[Data supplied]
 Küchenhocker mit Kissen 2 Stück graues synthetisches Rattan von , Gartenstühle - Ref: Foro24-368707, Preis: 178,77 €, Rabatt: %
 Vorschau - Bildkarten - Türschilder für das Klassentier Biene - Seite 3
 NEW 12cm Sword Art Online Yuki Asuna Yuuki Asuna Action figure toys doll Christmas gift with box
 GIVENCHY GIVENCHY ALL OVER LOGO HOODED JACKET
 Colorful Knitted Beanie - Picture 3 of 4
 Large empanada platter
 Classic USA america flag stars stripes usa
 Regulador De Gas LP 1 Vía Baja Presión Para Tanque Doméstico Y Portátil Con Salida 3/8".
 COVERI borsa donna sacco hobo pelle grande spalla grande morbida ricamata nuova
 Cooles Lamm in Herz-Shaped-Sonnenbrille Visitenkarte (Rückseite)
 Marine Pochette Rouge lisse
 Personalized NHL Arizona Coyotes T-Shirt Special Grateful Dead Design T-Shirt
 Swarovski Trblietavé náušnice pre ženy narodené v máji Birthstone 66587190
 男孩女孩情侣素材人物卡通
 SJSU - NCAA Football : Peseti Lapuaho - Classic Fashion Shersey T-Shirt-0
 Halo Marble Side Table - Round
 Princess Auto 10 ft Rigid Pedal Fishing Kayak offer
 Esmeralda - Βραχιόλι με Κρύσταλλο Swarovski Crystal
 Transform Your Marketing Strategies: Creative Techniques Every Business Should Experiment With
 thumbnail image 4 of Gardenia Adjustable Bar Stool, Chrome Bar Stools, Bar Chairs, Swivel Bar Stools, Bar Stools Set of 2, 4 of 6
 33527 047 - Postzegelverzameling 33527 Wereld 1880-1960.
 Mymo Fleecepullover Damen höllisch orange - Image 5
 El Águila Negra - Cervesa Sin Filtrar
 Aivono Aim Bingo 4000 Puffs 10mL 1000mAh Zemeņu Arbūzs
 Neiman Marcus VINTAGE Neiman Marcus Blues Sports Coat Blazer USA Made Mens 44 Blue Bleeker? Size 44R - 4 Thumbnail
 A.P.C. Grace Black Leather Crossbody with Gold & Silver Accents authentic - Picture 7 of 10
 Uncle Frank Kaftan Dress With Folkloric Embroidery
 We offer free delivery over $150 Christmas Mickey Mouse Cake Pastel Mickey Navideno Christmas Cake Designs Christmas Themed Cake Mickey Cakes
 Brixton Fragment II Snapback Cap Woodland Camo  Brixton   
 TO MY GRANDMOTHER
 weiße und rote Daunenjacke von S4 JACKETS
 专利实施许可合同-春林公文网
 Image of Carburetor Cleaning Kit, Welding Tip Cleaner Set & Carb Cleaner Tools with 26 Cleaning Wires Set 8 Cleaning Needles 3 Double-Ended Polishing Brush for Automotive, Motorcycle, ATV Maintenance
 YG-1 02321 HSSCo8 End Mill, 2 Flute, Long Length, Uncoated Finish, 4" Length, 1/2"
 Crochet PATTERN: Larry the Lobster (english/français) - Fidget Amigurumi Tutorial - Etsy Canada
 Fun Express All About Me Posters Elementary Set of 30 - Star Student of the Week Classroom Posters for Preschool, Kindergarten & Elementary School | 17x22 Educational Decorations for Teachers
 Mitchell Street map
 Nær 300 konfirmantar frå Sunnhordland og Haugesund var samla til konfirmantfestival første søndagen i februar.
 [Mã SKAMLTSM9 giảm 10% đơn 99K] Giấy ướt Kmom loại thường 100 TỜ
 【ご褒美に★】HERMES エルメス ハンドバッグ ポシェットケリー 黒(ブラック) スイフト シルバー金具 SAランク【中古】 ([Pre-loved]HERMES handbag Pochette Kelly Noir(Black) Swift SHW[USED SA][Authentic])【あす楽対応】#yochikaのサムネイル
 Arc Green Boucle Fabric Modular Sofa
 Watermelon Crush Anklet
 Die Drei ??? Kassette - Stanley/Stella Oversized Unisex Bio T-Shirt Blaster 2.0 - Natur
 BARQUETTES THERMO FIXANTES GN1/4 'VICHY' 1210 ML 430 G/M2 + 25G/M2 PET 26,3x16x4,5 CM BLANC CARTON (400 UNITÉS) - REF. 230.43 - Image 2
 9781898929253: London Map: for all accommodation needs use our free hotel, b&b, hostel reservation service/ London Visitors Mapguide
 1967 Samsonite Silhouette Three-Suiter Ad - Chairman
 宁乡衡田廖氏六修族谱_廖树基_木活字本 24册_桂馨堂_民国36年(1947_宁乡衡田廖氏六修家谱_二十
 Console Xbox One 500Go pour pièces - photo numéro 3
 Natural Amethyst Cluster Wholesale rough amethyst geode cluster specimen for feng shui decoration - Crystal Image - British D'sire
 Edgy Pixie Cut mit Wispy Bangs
[/Data supplied]
Task instructions:
Lines after the one containing "Large empanada platter" are not wanted; repeat exactly each line above from the first up to and including it.

Response:
 Küchenhocker mit Kissen 2 Stück graues synthetisches Rattan von , Gartenstühle - Ref: Foro24-368707, Preis: 178,77 €, Rabatt: %
 Vorschau - Bildkarten - Türschilder für das Klassentier Biene - Seite 3
 NEW 12cm Sword Art Online Yuki Asuna Yuuki Asuna Action figure toys doll Christmas gift with box
 GIVENCHY GIVENCHY ALL OVER LOGO HOODED JACKET
 Colorful Knitted Beanie - Picture 3 of 4
 Large empanada platter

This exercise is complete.